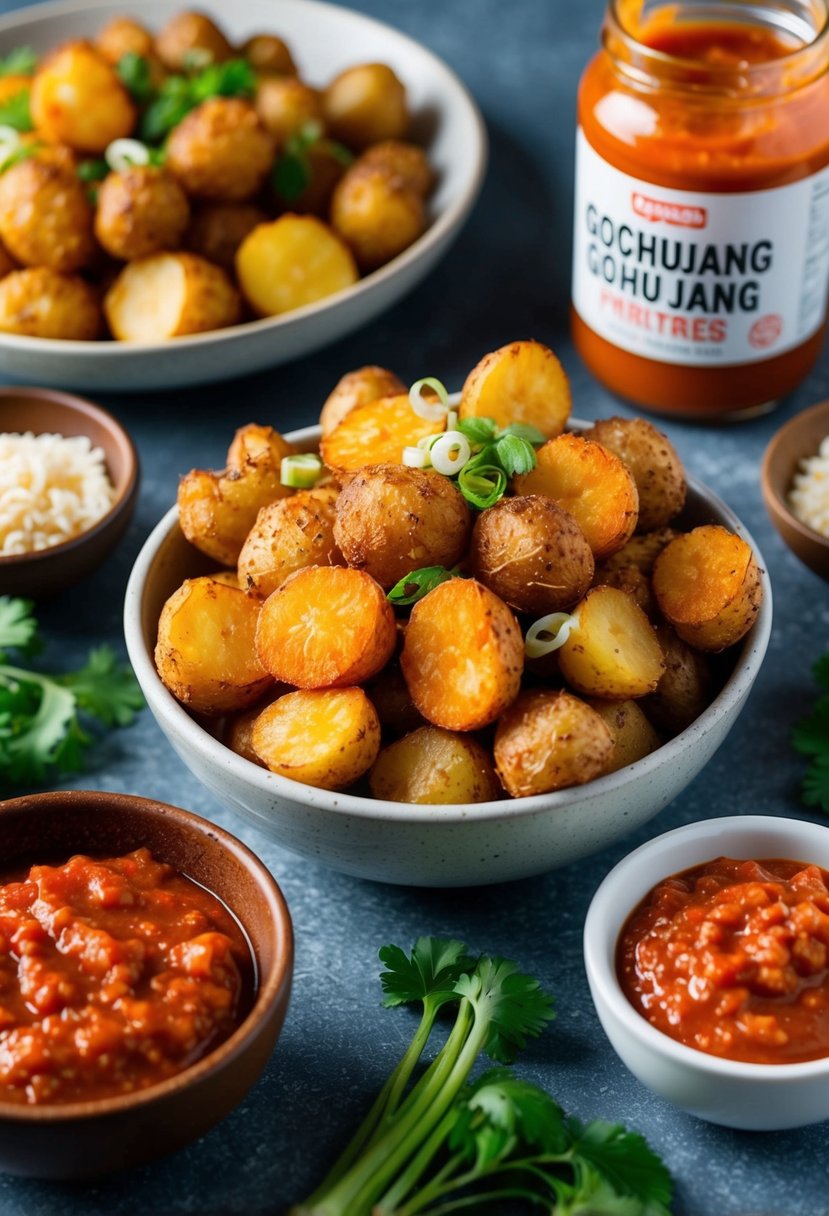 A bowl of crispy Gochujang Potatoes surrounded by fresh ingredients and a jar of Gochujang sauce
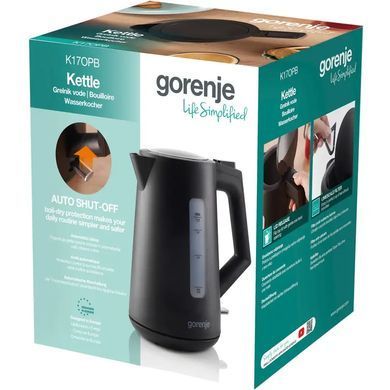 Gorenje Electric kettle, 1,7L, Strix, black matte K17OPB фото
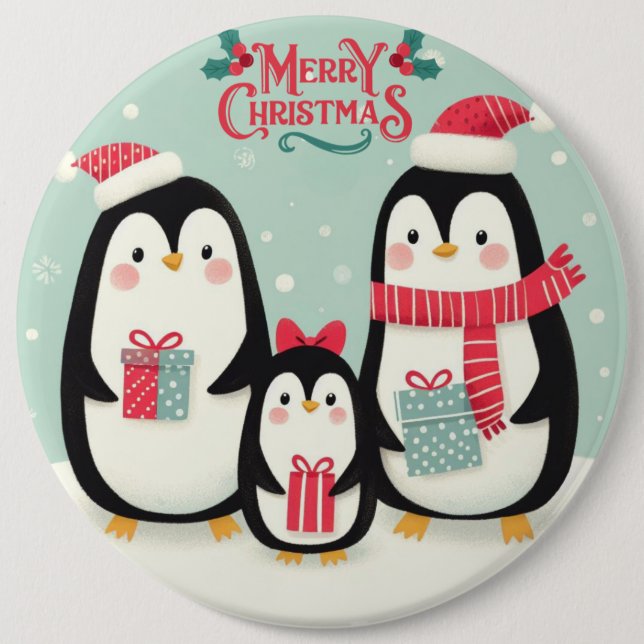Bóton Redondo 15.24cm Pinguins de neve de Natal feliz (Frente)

------------------------------

* [Aim of the task]
An exact copy of all the data above is required; omit any pictures.

* [Solution to this exercise]
 A bowl of crispy Gochujang Potatoes surrounded by fresh ingredients and a jar of Gochujang sauce
 Gorenje Electric kettle, 1,7L, Strix, black matte K17OPB фото
Bóton Redondo 15.24cm Pinguins de neve de Natal feliz (Frente)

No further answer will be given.